Daarnaast staat Dresden zelf bekend om zijn vele skinheads die de lokale voetbalclub Dynamo Dresden steunen. Ook is het de ‘geboortestad’ van Pegida, dat in 2014 begon met demonstreren op deze plek.
Een meerderheid in de gemeenteraad is het zat en heeft een ‘nazi-noodtoestand’ uitgeroepen. De stad erkent nu officieel dat ‘anti-democratische, anti-pluralistische, misantropische en extreemrechtse houdingen en daden, waaronder geweld, steeds vaker voorkomen’.
‘Deze stad heeft een probleem met nazi’s’, stelt gemeenteraadslid Max Auschenbach, die de motie heeft voorgesteld. Hij geeft toe dat zijn motie een symbolische waarde heeft, maar wil minderheden en slachtoffers van extreemrechts geweld een hart onder de riem steken. ‘De politiek’ moet volgens hem ‘eindelijk eens zeggen ‘Nee, dat is onacceptabel’’.
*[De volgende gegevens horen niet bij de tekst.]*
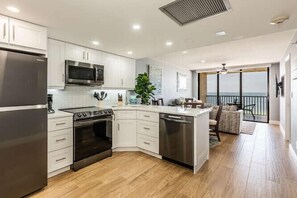 A modern kitchen with white cabinets, stainless steel appliances, and a large island. - 🦀 Highly Sought! 7th Floor Remodeled Sea Winds Beachfront, Double Vanity Sinks (Marco Island)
Niet iedereen steunt Auschenbach. Het christendemocratische CDU, de grootste partij in Dresden, heeft tegen het voorstel gestemd. Het CDU noemt de motie een stunt en ‘bedoeld om te provoceren’.
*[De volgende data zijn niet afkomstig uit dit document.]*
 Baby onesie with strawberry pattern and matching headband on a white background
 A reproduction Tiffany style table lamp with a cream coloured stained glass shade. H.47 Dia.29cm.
De christendemocraten beargumenteren dat de noodtoestand alleen mag worden uitgeroepen bij urgente situaties die de bevolking bedreigen – en dat zou in het geval van extreemrechts in Dresden wel meevallen.
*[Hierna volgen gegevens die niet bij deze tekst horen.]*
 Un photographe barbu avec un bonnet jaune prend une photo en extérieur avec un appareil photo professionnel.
De actie van de gemeenteraad in Dresden valt in een tijd waarin Duitsland kampt met een groeiend probleem dat extreemrechts geweld heet. 12.000 Duitsers zijn potentieel gewelddadig, aldus Horst Seehofer, de minister van Binnenlandse Zaken. Ook zegt de Duitse politie nu 43 rechtsextremisten ‘op de radar’ te hebben die zo gevaarlijk zijn dat ze plannen voor een aanslag hebben.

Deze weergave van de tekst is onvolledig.